What you've heard is untrue. I'm not gone, even though I've left and keep leaving. I'm an orphan without a place to call my home, slow-traveling across the globe or breathing carefully when caught in a pandemic.

But I'm a transient by choice. Not fleeing wars or hiding from prosecution. Not driven out by poverty, crime, racism, or climate change. I had the privilege to choose a brickless existence and hold on to only a paper address. It's kind of appropriate, I think, for a writer who expresses herself in a language that neither belongs to her fatherland nor is her mother tongue.

I'm not gone. I live where I'm welcome and can afford to stay, in city sublets and village houses, hotel suites, guest rooms, tents. Each time I arrive in a new place, I must first find shelter and fresh water. Afterwards, I go out to eat and meet people I can trust.

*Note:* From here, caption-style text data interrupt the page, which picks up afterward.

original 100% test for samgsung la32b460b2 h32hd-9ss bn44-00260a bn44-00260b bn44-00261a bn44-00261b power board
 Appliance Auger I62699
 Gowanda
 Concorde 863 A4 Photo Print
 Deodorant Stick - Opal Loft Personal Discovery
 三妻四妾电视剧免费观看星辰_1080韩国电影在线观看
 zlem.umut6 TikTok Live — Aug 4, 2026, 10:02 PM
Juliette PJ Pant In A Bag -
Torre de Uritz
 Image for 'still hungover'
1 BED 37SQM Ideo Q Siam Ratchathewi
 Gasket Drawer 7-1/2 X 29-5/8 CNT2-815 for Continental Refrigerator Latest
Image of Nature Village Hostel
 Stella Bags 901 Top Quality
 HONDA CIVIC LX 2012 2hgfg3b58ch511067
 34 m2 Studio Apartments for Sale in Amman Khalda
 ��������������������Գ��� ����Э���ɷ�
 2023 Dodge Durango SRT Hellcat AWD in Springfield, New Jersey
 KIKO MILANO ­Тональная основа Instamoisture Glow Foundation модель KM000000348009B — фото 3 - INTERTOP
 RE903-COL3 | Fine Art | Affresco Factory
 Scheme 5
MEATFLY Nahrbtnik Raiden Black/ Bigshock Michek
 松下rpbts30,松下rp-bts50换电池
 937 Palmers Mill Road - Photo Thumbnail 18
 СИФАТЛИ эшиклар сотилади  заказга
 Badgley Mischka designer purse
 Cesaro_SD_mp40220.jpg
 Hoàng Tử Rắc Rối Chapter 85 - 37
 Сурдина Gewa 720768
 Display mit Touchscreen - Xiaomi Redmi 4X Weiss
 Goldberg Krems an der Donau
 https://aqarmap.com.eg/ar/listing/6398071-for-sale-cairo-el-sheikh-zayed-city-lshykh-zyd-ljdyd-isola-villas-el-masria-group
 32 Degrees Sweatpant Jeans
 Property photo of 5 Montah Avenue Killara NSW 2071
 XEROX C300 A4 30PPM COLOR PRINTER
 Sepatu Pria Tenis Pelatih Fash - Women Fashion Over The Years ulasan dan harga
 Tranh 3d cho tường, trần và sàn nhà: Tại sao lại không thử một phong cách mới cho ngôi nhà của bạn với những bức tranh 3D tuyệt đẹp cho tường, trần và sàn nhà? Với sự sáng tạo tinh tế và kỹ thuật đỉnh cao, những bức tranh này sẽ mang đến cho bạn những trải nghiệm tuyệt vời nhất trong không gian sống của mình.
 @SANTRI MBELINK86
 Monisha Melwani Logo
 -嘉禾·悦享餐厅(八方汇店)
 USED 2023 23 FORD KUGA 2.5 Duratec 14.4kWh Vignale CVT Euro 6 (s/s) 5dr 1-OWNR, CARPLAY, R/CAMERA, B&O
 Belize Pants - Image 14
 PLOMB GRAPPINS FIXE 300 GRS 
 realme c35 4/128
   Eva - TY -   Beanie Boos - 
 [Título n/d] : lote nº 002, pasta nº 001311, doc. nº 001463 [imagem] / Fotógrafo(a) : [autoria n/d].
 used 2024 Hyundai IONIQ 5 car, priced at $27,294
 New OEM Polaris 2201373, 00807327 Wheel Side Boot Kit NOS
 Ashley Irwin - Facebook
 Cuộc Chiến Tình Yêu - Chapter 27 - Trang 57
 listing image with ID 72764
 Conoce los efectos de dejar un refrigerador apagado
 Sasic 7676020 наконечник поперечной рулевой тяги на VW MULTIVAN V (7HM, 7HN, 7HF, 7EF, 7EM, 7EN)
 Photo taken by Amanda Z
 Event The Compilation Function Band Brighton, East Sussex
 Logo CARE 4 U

Have you ever seen the sky on a cloudless, moonless night in the Sahara? It's like the stars are falling down to hold your hand.

Today, I'm writing to you from a rooftop terrace in Mazunte, a so-called pueblo màgico on the coast in the Mexican province Oaxaca. The breeze blows my thoughts onto the screen, where they take wing as words and fly through the air toward your mind.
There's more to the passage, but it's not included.